Entries taken from a collection
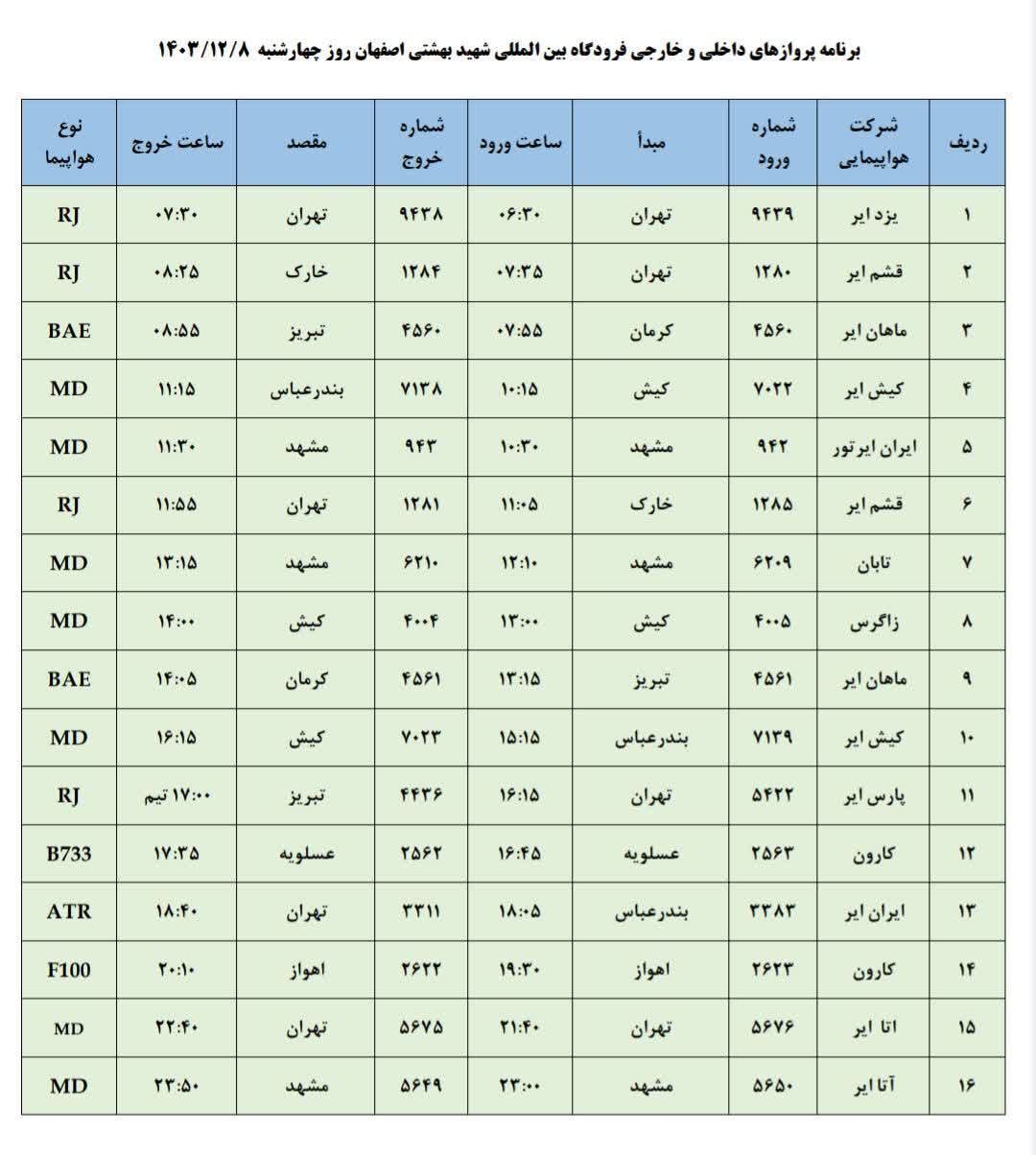 فهرست پرواز‌های فرودگاه اصفهان (هشتم اسفند ۱۴۰۳)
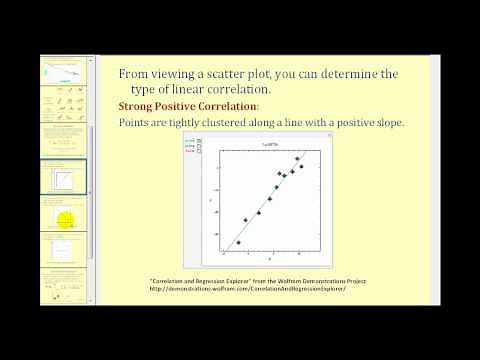 Introduction to Regression Analysis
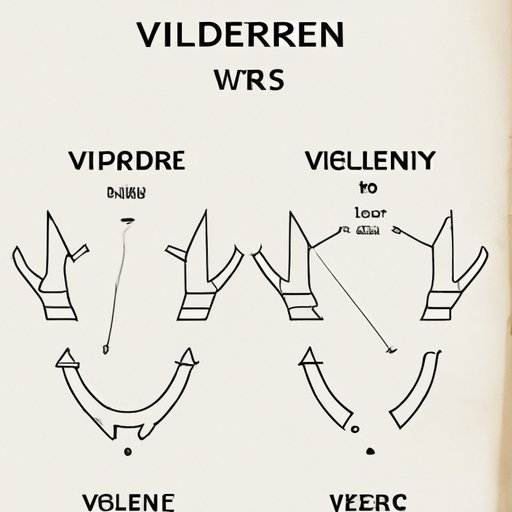 V. Comparing Armor Upgrades in Elden Ring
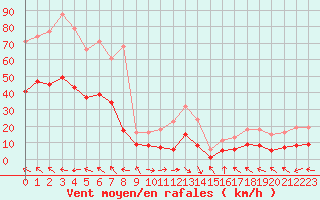 Courbe de la force du vent pour Castres-Nord (81)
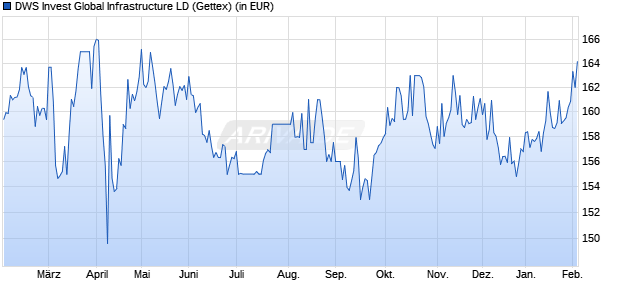 Performance des DWS Invest Global Infrastructure LD (WKN DWS0TN, ISIN LU0363470237)
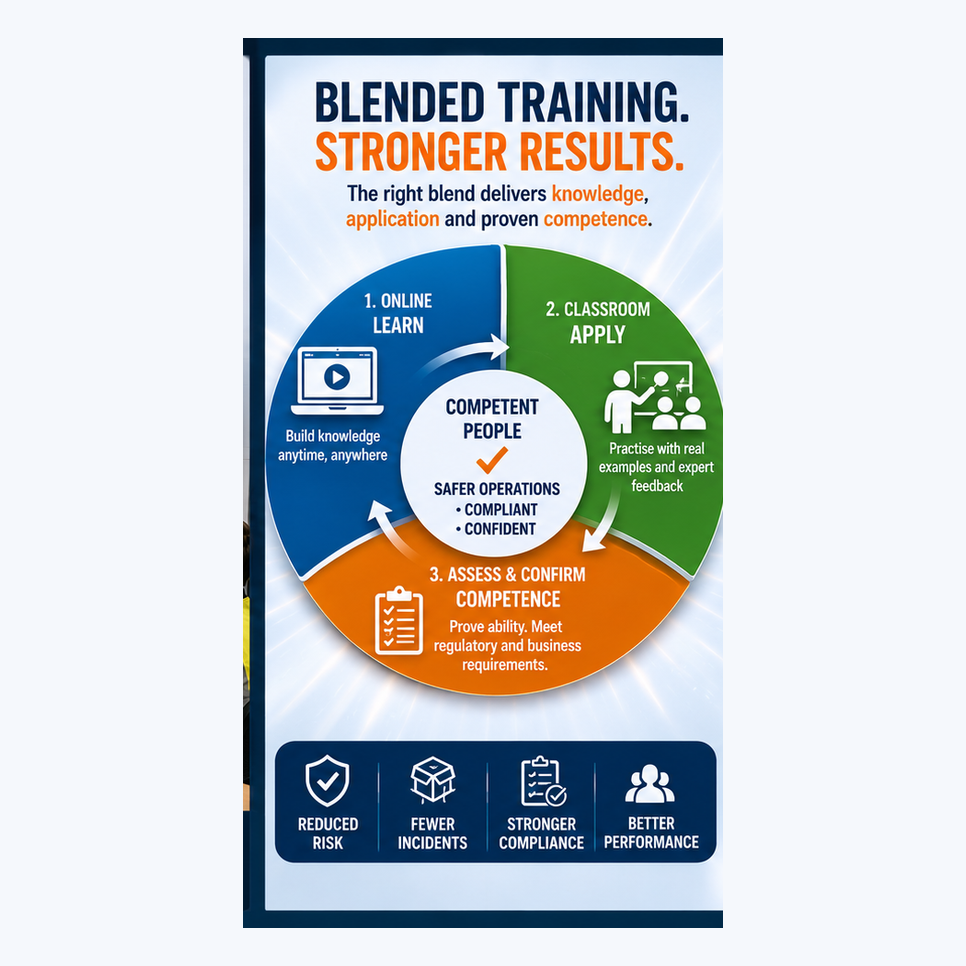 Blended DG Training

- Work to complete:
Begin at the line that contains "Performance des DWS" and transcribe exactly, and only, each line through the final line of the data above, both included; the pictures do not go in.

- Response area:
 Performance des DWS Invest Global Infrastructure LD (WKN DWS0TN, ISIN LU0363470237)
 Blended DG Training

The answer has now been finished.